Check out their kaleidoscopic video for Al Hassidi Terie and the riff-laden Soubour. Plus Bamako, the first single taken from Songhoy Blues' Resistance album with fantastic guitar licks and vocal hooks.

They've already sold out their Wednesday, January 23 gig at Manchester's Band on the Wall but you can catch them at Kendal's Brewery Art Centre the night before (January 22).

"The most important thing in music is the way you share the emotion with the crowd," explains singer Aliou Toure. "That is one of the powers of music. When you get in a club, people are drinking and dancing and talking, but when you turn the music off, people leave the club, get out of the club one by one. Which means they are not there for the drink, they are not there for each other. They are there for something else, for the power of music. When I’m on stage I’m inside the music and that love and happiness I feel on stage, I am trying to bring people with me to feel the same thing."
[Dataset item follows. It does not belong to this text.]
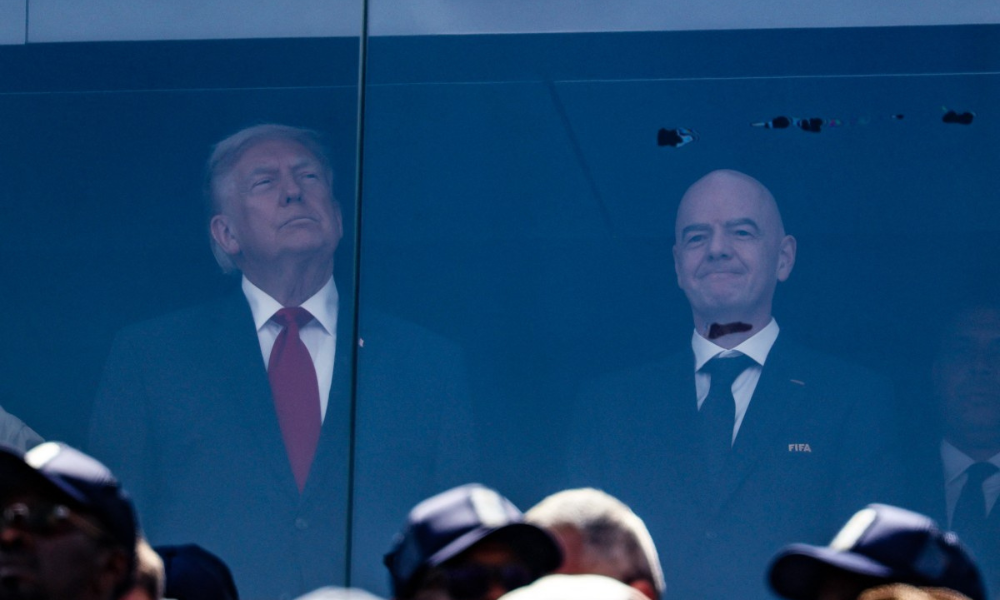 Como foi a chegada de Trump à final da Copa e o que ele deve fazer no pódio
Songhoy Blues were formed in 2012, when three musicians from northern Mali - Aliou, Garba Touré and Oumar Touré (they're not related) - fled to the capital, Bamako, after the Islamist group Ansar Dine took control of the region, apparently banning music among many other things. The three met in Bamako, recruited drummer Nathanael Dembele, and it all started from there. "The band was born from war and sent into exile," Aliou points out, "so the second album is called Résistance. That’s the word to describe us keeping going, and building on what we said on the first album."
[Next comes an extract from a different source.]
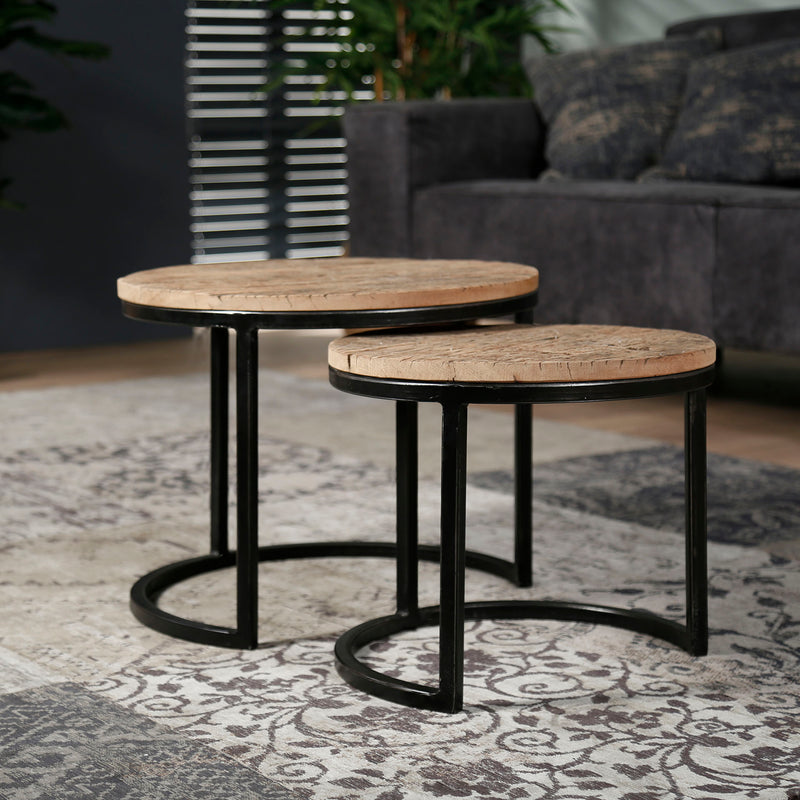 Sofabord - 2 borde i genbrugstræ.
Aliou says that the situation in Mali is now different from 2012: "It is getting better, so the lyrics we wrote are all about that. Not just in Mali, but outside Mali. And the way we wrote music changed with the way things were going on around us.”
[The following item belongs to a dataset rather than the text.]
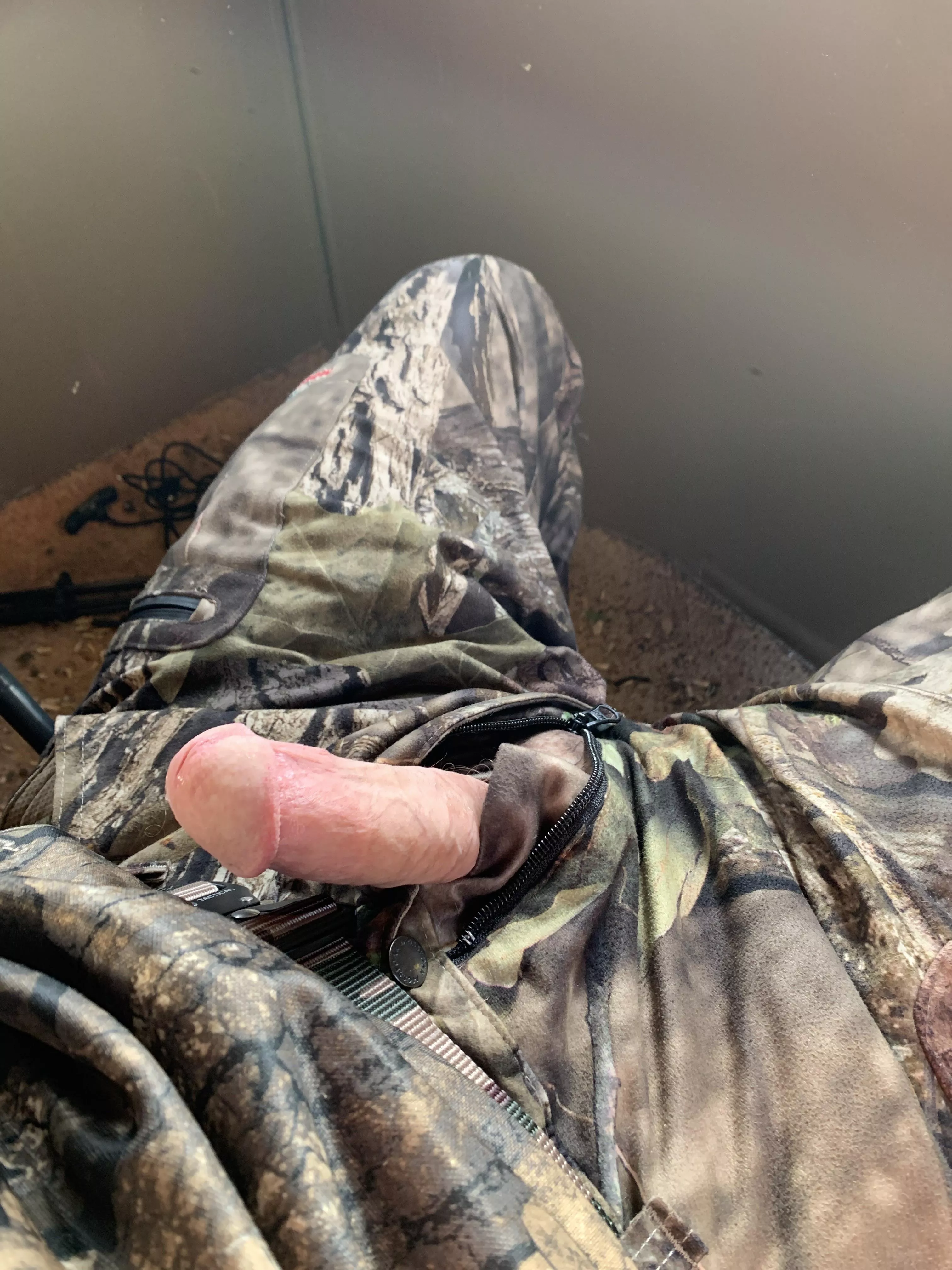 (42) lonely out in the deer blind! Anyone wanna keep me company?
Some things do not change in the world of Songhoy Blues. The essential message of the group's music remains the same: communicating the pure joy of music. Aliou says that they find it very hard to describe the kind of music they make: "Some tracks, when you listen to the new album, they sound really, really rock. Some tracks sound blues. Some tracks sound folk. To us, world music doesn’t make sense. It’s an industry thing. African artists play rock as well, they play blues as well. Blues is from there, rock is from there, reggae is from there, hip hop is from there. So how come people call African music world music? Why not African rock or African hip-hop or African reggae?”